A educação é o caminho
Alessandra Araújo Vieira, psicóloga clínica e sexóloga da Clínica Via Vitae, em Águas Claras, explica que, culturalmente, falar sobre doenças sexualmente transmissíveis ainda encontra barreiras. A baixa de vacinação está relacionada com a desinformação e a ausência de educação sexual.
Muitos pais, segundo a especialista, não se sentem à vontade a falar sobre o assunto e acreditam que orientar sobre sexo e prevenção não é uma função dos cuidadores. "Quando a criança chega para o adulto e pergunta o que é sexo, os pais ficam nervosos. A gente erotiza, muitas vezes, a pergunta da criança, porque nós estamos contaminados por essa erotização, por esse lugar que tudo que é sexual tem a ver com a relação sexual", diz.
Os motivos, segundo a sexóloga, podem envolver crenças culturais e religiosas enraizadas na sociedade e pregam a prática sexual como um pecado; as IST's (Infecções Sexualmente Transmissíveis), uma consequências de um ato inadequado, e até que falar sobre doenças com filhos estimularia uma "vida pornográfica".
Aline Sales, 42, disse que na época que surgiu a vacina, optou por não vacinar a sua filha mais velha, Júlia, de 17 anos, porque haviam sido relatados alguns efeitos colaterais. "A Júlia ainda era muito nova, fora que ela tinha pânico de agulha. Eu pensei na relação custo benefício da época", relata. Porém, alguns anos depois, Aline disse que uma amiga próxima teve câncer de colo de útero em razão do HPV, o que a fez mudar de ideia. "Depois disso, repensei minha decisão. Tanto que agora eu vou dar vacina na Júlia", contou.

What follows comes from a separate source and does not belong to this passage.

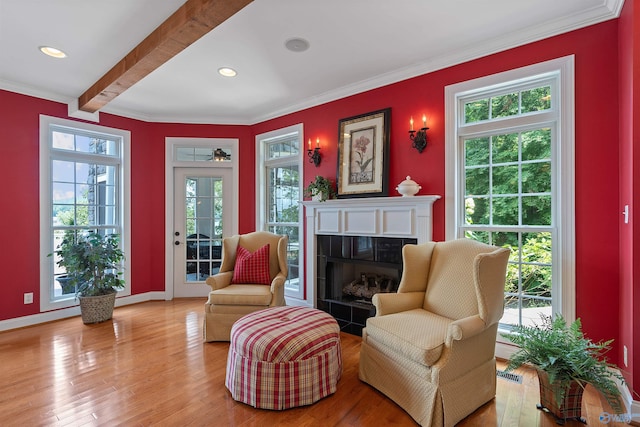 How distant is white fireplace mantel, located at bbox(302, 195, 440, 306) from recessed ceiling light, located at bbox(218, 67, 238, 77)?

A moradora do Setor Militar Urbano (SMU) afirma não ter dificuldades em abordar temas como saúde e educação sexual com a sua filha e, segundo ela, as primeiras dúvidas de Júlia sobre o assunto surgiram quando ela tinha cerca de 9 anos. Na época, ela comprou o livro "De onde viemos", que ajuda os pais a conversarem abertamente com os filhos. Para Aline, o caçula Rafael, de 5 anos, ainda é muito novo, mas conforme as suas dúvidas surgirem, não evitará as conversas com o pequeno.
Saiba Mais
Alessandra Vieira lamenta a visão de que a educação sexual é, necessariamente, associada a questões de gênero ou à prática sexual em si, pois considera um equívoco. Para ela, a educação sexual é sobre orientar a criança ou o adolescente a conhecer o próprio corpo, entender o que pode ser feito, onde pode ser tocado e beijado, de modo que auxilia não só a evitar doenças como o HPV, como também a identificar eventuais abusos sexuais.
"O nosso corpo é um ambiente onde a gente pode acolher, pode estimular, pode cuidar de uma forma carinhosa. Não é sujo, não somos pecadores e não cometemos erros por sentir algo que é, muitas vezes, biológico", completa a especialista.